3/2/2013 7:00 AM
By Margaret Gates Regional Editor
The Maryland Holstein Convention is typically an opportunity to recognize youth and honor some of the state’s outstanding breeders for their hard work and dedication.
The 2013 convention, which kicks off Friday at the Carroll County Ag Center’s Burns Hall in Westminster, is no different
But for those in Carroll County who are hosting the event, it is a celebration of a little something more, something embodied in this year’s theme: “Rich Friendships ... Real Holsteins.”
“What makes Carroll County unique is our friendships, how close we are,” said Lisa Schwartzbeck, publicity coordinator for the convention. “We are a close farming community.”
Four lifelong friends would certainly agree with that assessment.
Crystal Stambaugh Edwards, Kelly Myers Zepp, Erin Burall Mongold and Jessica Fritz Little formed their ties in 4-H. Time has only served to strengthen that bond, reinforced by their shared love of farming — and Holsteins.
Their other common bond: All four women, now married adults with their own families, have returned to work on their family farms.
“We all kind of hang out in the same circle and see each other at all the cow functions,” said Edwards, who is herd manager at Pheasant Echo’s Farm in Westminster, where they milk about 110 to 115 cows.
Edwards handles evening milkings and as many mornings as possible, along with herd management, breeding decisions with her brother, vaccinations and dehornings. She’s also served on the Holstein club’s board of directors and helped with various committees and sales.
Zepp returned to work on her family’s Windsor Manor Farm in New Windsor, where she handles the majority of the milking, along with other duties. She is also past president of the Carroll County Holstein Club.
Zepp is co-chairwoman of this year’s convention, along with Edwards’ sister, Tanya.
Mongold is the current president of the county Holstein club and herd manager for her family’s Burlin Farm in New Windsor, where she handles all the milkings, calf feeding, mating and vet checks. She also serves on the state Holstein association board.
Burlin Farm has about 300 head, Mongold said, mostly Holstein but also some Brown Swiss. They milk about 190, she said.
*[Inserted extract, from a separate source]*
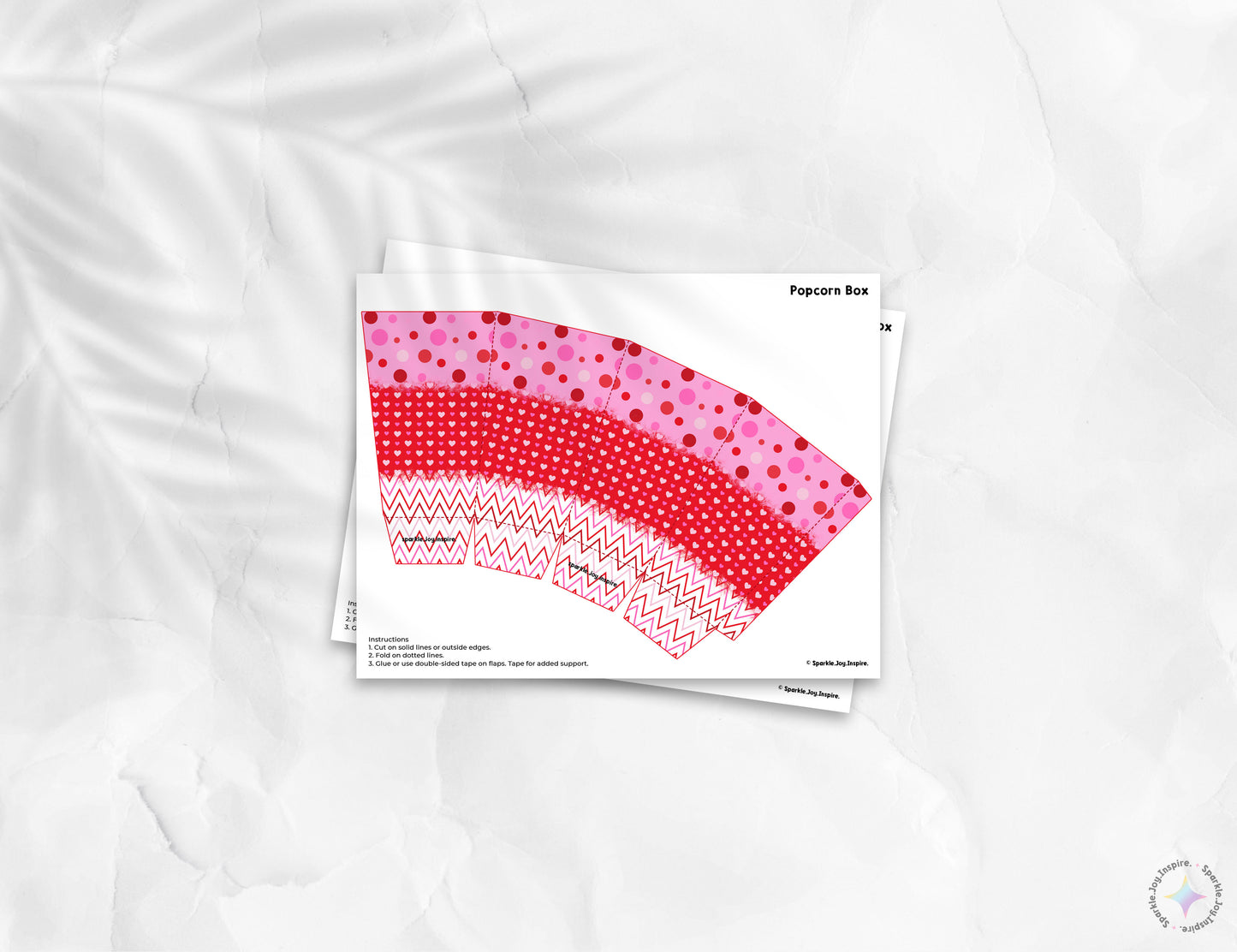 Kawaii Hearts Valentine Popcorn Box Paper Craft Printable Paper Crafts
Little does most of the milking and calf care at her family’s 60-head registered Holstein farm, Fritz Farm LLC in New Windsor. Her brother handles field work and crops.
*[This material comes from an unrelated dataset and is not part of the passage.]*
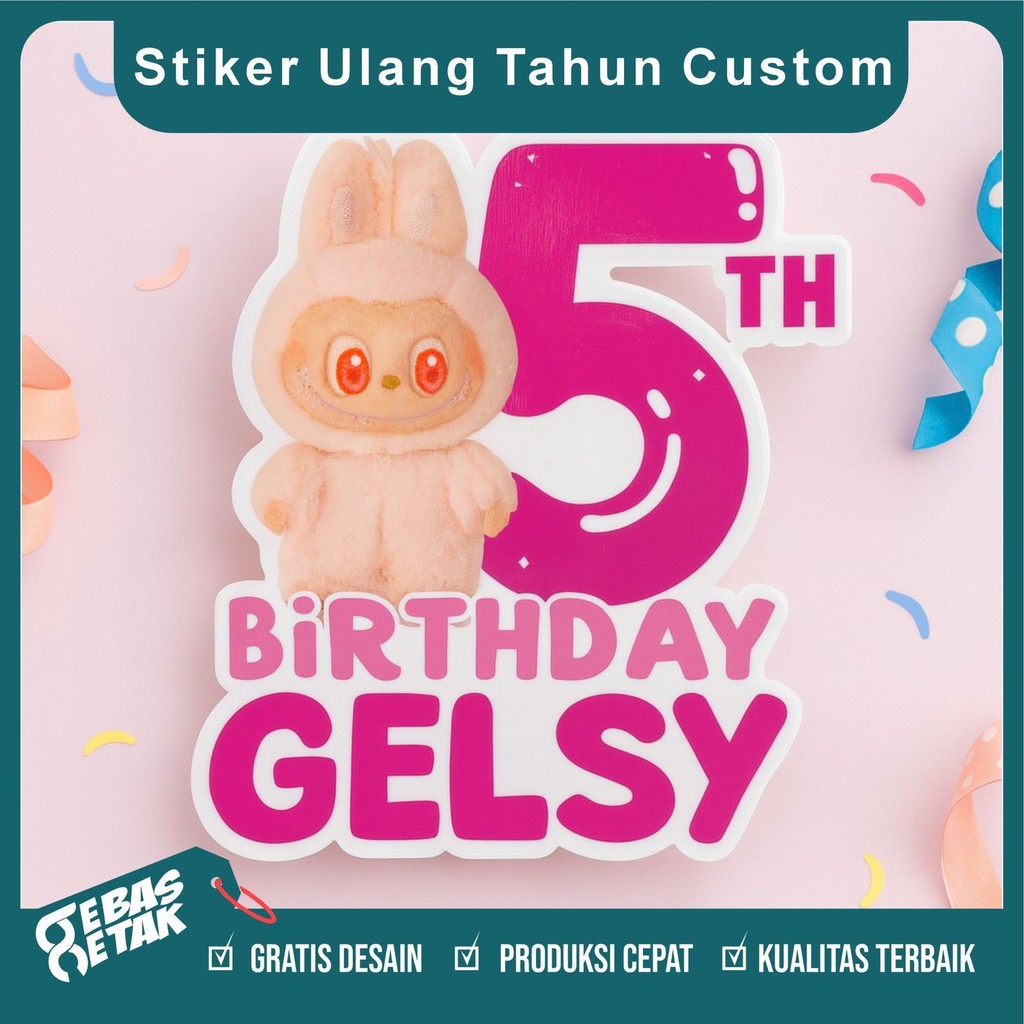 

Cetak Stiker Ulang Tahun Custom Karakter Lucu Cutting Bentuk Untuk Kue Souvenir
Little is a member of the county Holstein club and also serves on the Maryland Dairy Princess committee. She helped coach the Maryland 4-H Dairy Judging team, traveling to the World Dairy Expo in Madison, Wis., last fall for the national contest.
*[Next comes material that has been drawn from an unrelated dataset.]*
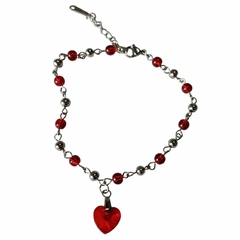 Pulsera corazon y bolitas roja 18 cm a 21 cm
Kelly and Crystal went to school together; Erin and Jessica were a few years younger. They’ve done Dairy Bowl, showing and judging together.
Kelly and Jessica were on an FFA judging team that went to nationals in the mid-1990s.
Kelly and Crystal decorated for Erin’s wedding. Crystal was Jessica’s maid of honor.
Kelly and Jessica live across the street from each other, and their children ride the school bus together every morning.
They all now live within five miles of one another.
“Really, that’s what our county is about,” Mongold said. “Everyone is real close friends.”
Zepp said the Carroll County Holstein Club is made up largely of parents, grandparents and children of farm families. She estimated that most members are part of a farm operation that’s been handed down through the generations.
“Within the county, everyone is so close and gets along, and we have a good time celebrating the Holsteins,” Zepp said.
This year’s celebration begins Friday, March 8, with a business meeting, luncheon, guest speaker John Burket of Burket Falls Farm discussing polled Holsteins, a regional meeting with Holstein USA, trade booths and visits with local herds. There will also be a ladies program.
An evening banquet will include the presentation of awards and scholarships, followed by a silent auction to benefit the Maryland Junior Holstein Club and the youth headed to the National Holstein Convention.
The agenda for Saturday, March 9, features the junior program, including a tour of Shepherd’s Manor Creamery, and the convention sale.
Various Holstein clubs across the state take turns hosting the convention each year. Carroll County last hosted the event six years ago.
Schwartzbeck said the convention host is typically responsible for the photo for the Maryland Holstein Annual. Rather than focus on one breeder or animal, organizers decided this year to focus on the membership as a whole and their shared friendships — and a convention theme was born.
“We loved it,” Edwards said of the theme.
Even in show circles, which can be very competitive, Edwards said, Carroll County breeders are supportive of each other’s successes.
Her family, the Stambaughs, had numerous wins over the past year, including the Maryland Futurity, she said.
“There were other people that were so happy for us, and that really makes you appreciate your friendships even more,” she said.
“I think it’s one of the great things about the dairy industry in Carroll County and Maryland, the camaraderie and the way people are always willing to help each other out,” Little said.
“I think other dairy farmers are the only people that can understand what dairy farmers go through,” she said. “And the challenges we face kind of draw everybody together.”